■ RECORD EXTRACTS:
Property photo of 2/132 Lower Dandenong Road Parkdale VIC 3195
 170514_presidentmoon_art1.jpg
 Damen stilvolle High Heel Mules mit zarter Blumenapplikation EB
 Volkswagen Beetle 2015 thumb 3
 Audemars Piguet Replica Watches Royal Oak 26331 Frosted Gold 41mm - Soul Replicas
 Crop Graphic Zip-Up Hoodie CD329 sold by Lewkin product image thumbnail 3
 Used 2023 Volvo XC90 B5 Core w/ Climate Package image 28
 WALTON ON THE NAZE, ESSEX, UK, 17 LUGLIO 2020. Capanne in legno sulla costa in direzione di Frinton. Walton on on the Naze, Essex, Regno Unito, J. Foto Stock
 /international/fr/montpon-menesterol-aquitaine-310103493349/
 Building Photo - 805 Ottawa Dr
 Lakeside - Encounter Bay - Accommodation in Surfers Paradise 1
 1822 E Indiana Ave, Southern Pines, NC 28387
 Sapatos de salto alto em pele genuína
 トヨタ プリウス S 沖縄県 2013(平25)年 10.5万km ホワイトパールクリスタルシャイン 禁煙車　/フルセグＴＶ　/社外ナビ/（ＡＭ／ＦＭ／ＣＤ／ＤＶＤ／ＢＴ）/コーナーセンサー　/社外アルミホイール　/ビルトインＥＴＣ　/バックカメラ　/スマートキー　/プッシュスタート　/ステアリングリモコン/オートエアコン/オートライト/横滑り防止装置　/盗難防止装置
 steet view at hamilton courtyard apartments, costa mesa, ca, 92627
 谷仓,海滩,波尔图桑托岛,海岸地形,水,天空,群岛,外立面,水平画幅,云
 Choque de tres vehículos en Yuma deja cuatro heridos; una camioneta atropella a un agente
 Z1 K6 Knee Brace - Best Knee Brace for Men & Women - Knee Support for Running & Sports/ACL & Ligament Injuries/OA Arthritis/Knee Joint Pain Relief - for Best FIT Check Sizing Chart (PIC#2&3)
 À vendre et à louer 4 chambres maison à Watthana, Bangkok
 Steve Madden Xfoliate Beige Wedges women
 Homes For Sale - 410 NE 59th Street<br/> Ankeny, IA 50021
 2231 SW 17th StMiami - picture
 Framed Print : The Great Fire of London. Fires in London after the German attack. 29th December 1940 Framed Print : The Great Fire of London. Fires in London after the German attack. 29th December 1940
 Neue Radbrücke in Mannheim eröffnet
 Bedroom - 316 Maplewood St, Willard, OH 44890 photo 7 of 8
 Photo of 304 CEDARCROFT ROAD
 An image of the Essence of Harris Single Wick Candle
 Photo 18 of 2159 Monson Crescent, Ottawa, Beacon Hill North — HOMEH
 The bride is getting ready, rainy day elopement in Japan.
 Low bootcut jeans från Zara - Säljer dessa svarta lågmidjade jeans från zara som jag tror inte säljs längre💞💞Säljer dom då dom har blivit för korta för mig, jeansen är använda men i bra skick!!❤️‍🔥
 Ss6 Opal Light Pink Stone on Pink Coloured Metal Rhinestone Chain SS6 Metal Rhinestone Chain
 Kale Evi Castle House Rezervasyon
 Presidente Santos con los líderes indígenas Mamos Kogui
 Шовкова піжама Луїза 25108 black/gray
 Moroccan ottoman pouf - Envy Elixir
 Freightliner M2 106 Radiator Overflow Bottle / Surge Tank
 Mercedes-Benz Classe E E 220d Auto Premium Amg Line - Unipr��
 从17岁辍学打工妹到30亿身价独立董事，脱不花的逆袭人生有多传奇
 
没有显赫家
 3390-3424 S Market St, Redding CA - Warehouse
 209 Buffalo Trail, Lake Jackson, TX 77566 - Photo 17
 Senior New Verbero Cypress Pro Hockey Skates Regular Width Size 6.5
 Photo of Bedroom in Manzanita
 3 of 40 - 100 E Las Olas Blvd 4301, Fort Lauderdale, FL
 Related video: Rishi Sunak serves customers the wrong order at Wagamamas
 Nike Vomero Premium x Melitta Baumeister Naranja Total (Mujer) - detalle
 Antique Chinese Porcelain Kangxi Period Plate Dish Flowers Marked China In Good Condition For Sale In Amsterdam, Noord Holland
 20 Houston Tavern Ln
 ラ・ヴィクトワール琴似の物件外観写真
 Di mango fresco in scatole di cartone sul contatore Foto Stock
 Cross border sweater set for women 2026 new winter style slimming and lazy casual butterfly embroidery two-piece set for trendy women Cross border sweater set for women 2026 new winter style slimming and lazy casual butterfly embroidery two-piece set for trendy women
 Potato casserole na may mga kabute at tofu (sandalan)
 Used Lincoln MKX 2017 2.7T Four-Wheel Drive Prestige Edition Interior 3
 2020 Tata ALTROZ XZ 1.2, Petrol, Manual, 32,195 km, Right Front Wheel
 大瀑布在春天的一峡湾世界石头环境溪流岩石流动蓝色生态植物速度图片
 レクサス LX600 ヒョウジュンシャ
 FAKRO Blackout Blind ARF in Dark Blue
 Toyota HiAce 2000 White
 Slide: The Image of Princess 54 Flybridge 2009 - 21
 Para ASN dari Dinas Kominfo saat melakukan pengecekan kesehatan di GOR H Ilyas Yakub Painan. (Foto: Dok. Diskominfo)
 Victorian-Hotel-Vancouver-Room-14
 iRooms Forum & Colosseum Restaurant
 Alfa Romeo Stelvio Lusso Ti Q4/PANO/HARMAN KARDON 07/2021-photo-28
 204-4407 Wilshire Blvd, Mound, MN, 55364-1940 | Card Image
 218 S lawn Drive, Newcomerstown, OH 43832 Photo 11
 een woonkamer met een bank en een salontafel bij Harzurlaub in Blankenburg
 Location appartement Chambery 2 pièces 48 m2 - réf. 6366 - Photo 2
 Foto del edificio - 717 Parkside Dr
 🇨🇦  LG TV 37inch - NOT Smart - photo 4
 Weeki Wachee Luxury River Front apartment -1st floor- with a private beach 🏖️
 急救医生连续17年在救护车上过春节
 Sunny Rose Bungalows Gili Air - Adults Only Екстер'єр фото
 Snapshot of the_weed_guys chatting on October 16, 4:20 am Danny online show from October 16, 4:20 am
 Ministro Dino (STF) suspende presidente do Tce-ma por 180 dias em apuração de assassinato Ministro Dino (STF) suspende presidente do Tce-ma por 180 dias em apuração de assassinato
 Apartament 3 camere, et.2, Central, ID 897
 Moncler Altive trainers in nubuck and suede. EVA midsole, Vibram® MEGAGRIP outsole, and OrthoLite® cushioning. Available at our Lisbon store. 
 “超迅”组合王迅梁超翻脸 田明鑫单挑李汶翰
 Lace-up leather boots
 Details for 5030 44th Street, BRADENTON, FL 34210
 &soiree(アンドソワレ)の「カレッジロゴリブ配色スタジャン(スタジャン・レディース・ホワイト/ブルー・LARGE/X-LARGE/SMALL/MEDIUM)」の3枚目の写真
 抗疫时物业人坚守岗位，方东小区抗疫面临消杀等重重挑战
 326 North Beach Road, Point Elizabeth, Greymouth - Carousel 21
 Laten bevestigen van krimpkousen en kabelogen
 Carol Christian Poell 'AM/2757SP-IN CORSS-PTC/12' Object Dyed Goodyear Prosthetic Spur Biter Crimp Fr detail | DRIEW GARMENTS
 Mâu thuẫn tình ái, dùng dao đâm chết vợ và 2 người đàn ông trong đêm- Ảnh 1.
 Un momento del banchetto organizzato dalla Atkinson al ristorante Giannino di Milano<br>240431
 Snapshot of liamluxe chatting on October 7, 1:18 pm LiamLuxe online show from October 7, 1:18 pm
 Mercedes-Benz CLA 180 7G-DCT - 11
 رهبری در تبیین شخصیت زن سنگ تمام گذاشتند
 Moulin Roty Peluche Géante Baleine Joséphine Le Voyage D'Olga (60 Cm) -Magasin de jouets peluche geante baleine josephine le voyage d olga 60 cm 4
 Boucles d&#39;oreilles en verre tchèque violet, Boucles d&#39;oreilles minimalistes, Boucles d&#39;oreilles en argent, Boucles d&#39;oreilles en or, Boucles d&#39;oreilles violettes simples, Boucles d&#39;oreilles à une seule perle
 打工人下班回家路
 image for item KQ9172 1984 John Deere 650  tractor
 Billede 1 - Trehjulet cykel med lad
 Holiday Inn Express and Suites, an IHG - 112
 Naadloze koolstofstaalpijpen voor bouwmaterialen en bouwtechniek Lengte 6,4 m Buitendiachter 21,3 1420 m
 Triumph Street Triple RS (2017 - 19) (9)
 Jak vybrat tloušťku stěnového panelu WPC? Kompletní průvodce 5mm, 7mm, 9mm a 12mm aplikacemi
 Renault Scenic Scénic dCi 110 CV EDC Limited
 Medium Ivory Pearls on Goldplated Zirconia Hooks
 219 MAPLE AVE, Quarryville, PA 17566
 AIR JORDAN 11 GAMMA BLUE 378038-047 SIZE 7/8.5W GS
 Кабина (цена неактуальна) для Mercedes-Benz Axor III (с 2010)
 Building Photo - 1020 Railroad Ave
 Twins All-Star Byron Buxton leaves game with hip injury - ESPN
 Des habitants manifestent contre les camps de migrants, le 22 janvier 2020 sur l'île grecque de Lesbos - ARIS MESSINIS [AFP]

■ EXERCISE: Of the entries above, transcribe exactly those lines that fall between the line containing "Toyota HiAce 2000 White" and the line containing "Victorian-Hotel-Vancouver-Room-14", together with those two lines.

■ ANSWER BOX:
 Toyota HiAce 2000 White
 Slide: The Image of Princess 54 Flybridge 2009 - 21
 Para ASN dari Dinas Kominfo saat melakukan pengecekan kesehatan di GOR H Ilyas Yakub Painan. (Foto: Dok. Diskominfo)
 Victorian-Hotel-Vancouver-Room-14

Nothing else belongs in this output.